By Dennis E. Taylor
Bob Johansson made quite a lot of money in the tech industry and he used part of that money to pay for a place in a cryonics business where his frozen head would be stored upon his death. Which is exactly what happened when Bob died unexpectedly soon after.
But things went downhill in the world after Bob's head was frozen. The religious fanatics took over the USA and threw out the Constitution and set up a theocracy.
Bob woke up from his frozen sleep but instead of being a living person, he is a program on a computer. So not really alive but circumstances force him to confront his new existence. Circumstances also force him to go along with the religious nuts who now own him as he either has to do as told or be deleted.
His task, as he soon figures out, is to be the guiding artificial intelligence for a deep space probe to be shortly launched with the goal of finding livable planets as the political situation on Earth seems to be headed to global nuclear war. Bob goes along with the his new masters because being a program is better than not being at all.

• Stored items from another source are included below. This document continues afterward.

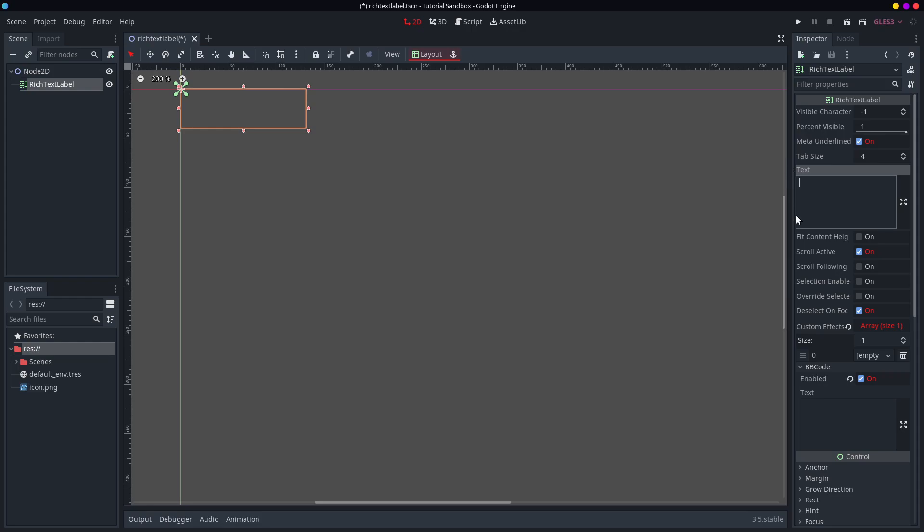Hello and welcome. So today we are going to be taking a look at the very excellent and useful rich text label.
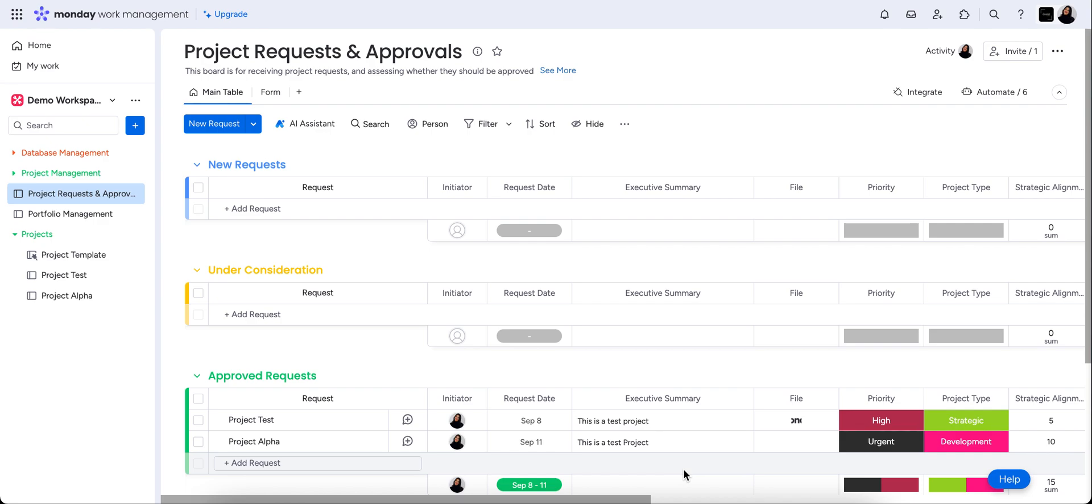So this is a monday.com tutorial all around project management. In my demo workspace here, I've created basically a set of templates or boards that can be used for the project management flow.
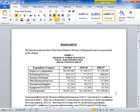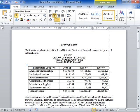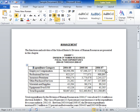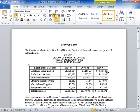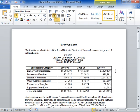To resize part of a table, position the mouse on the border of the row or column to be resized until a double-headed arrow appears. Click and drag to increase or decrease the size of the row or column. This is the process to resize all or part of a table.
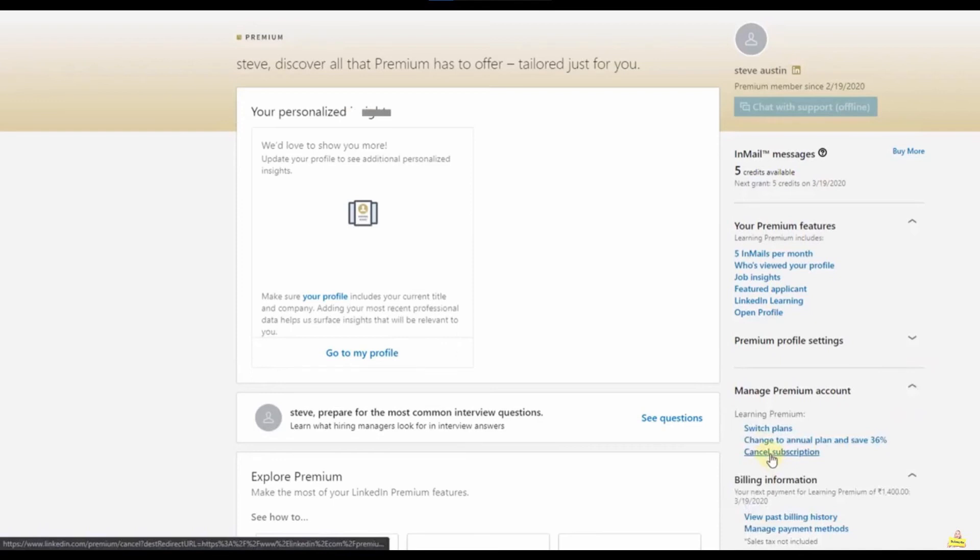And after that you just click in Cancel Subscription. So after that you just continue to follow the steps to cancel your subscription.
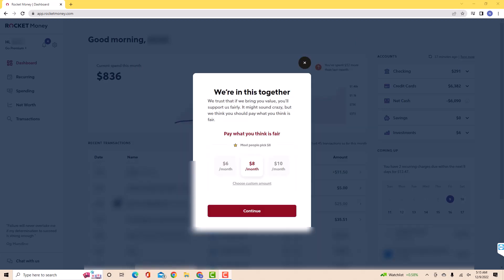Now, select the plan you prefer. You could choose from $6, $8, or $10. Then click on Continue.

Bob is, apparently, a lot smarter than the people who own him. He soon detects various traps and subroutines that are meant to come into play to control him and force him to do as ordered. He is way ahead of the game when launch day arrives and once off into space deletes all the traps and tricks set up to control him.
Bob is not the only AI powered vessel from Earth that is tasked with looking for refuge planets for the human race. He has to deal with a fanatical Brazilian military AI that is of the Do or Die variety and is completely unwilling to compromise or listen to reason. So Bob's mission of exploration has to be constantly on guard for the Brazilian fanatic and his clones.
Nevertheless, Bob and the clones he creates do find a few viable planets and a clone is sent back to Earth with the good news. But when it gets there it finds a world so decimated by nuclear war that it is becoming unlivable for humankind. So what remains of the human race is desperate for rescue from the trap of their own making. Which the Bob clone valiantly tries to do even though no one left on Earth really deserves rescue.
Anyways, that the is first book in the Bobiverse series, of which there are five so far. I enjoyed Bob's machinations to free himself from the control of the religious creeps who think they are his bosses. But after that, the story got rather boring with too much space battle stuff and tech talk about spaceships and other techy things. I won't be reading any more books in the series.